● WORK ITEM:
Only the lines from the one containing "Cover image for" through the end of the entries are wanted, retyped exactly and without pictures.

────────────────────────────────────────

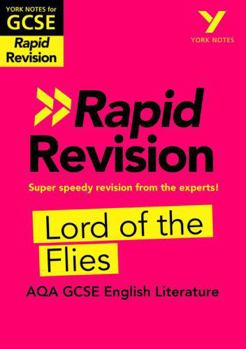 Paperback York Notes for Aqa GCSE Rapid Revision: Lord of the Flies Catch Up, Revise and Be Ready for and 2023 and 2024 Exams and Assessments Book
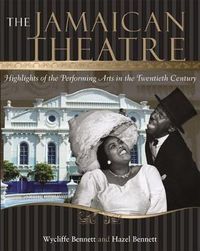 Cover image for Jamaican Theatre: Highlights of the Performing Arts in the Twentieth Century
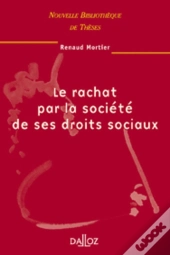 Le Rachat Par La Société De Ses Droits Sociaux
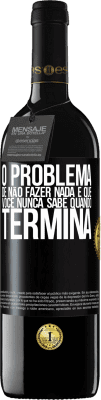 39,95 € Envio grátis | Vinho tinto Edição RED MBE Reserva O problema de não fazer nada é que você nunca sabe quando termina Etiqueta Preta. Etiqueta personalizável Reserva 12 Meses Colheita 2014 Tempranillo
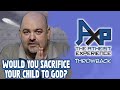 Would You Sacrifice Your Child If God Told You To? | The Atheist Experience: Throwback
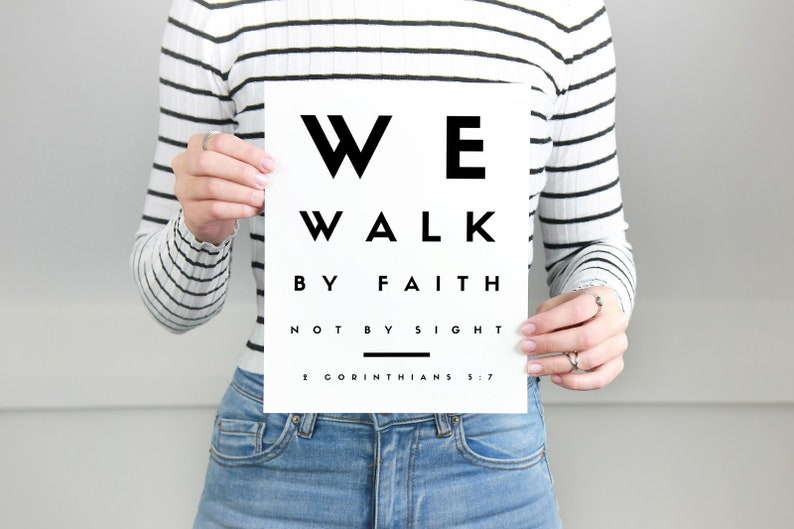 We Walk By Faith, Not By Sight 2 Corinthians 5:7 Christian Wall Art Bible Verse Print Bible Verse Wall Art Bible Verse Printable image 4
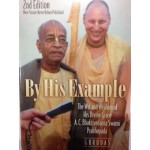 By His Example: The Wit and Wisdom of A.C. Bhaktivedanta Swami Prabhupada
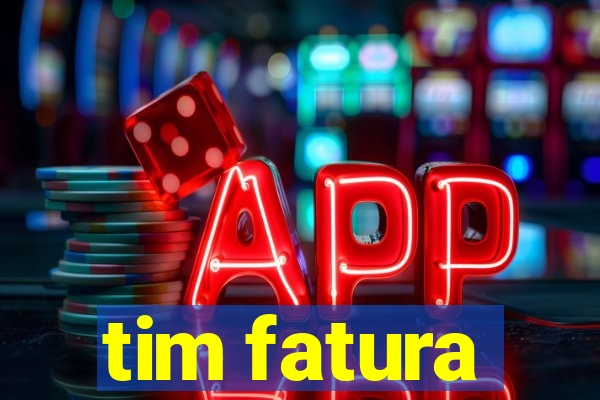 tim fatura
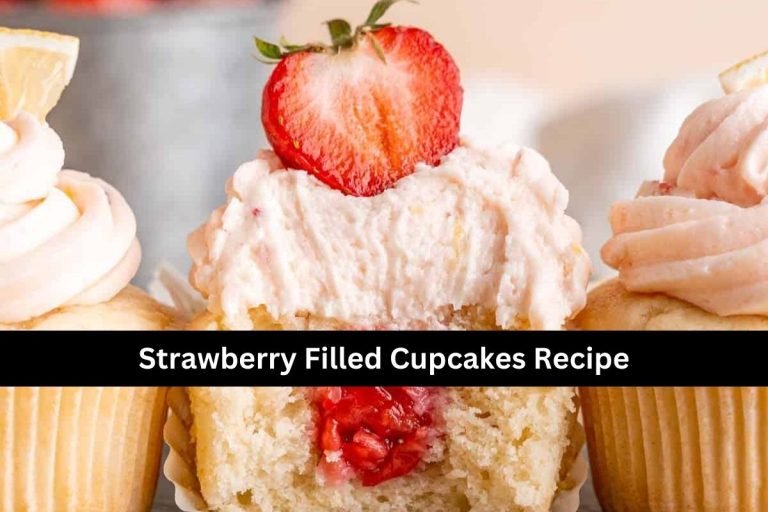 Strawberry Filled Cupcakes Recipe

────────────────────────────────────────

● RESPONSE FOR THIS EXERCISE:
 Cover image for Jamaican Theatre: Highlights of the Performing Arts in the Twentieth Century
 Le Rachat Par La Société De Ses Droits Sociaux
 39,95 € Envio grátis | Vinho tinto Edição RED MBE Reserva O problema de não fazer nada é que você nunca sabe quando termina Etiqueta Preta. Etiqueta personalizável Reserva 12 Meses Colheita 2014 Tempranillo
 Would You Sacrifice Your Child If God Told You To? | The Atheist Experience: Throwback
 We Walk By Faith, Not By Sight 2 Corinthians 5:7 Christian Wall Art Bible Verse Print Bible Verse Wall Art Bible Verse Printable image 4
 By His Example: The Wit and Wisdom of A.C. Bhaktivedanta Swami Prabhupada
 tim fatura
 Strawberry Filled Cupcakes Recipe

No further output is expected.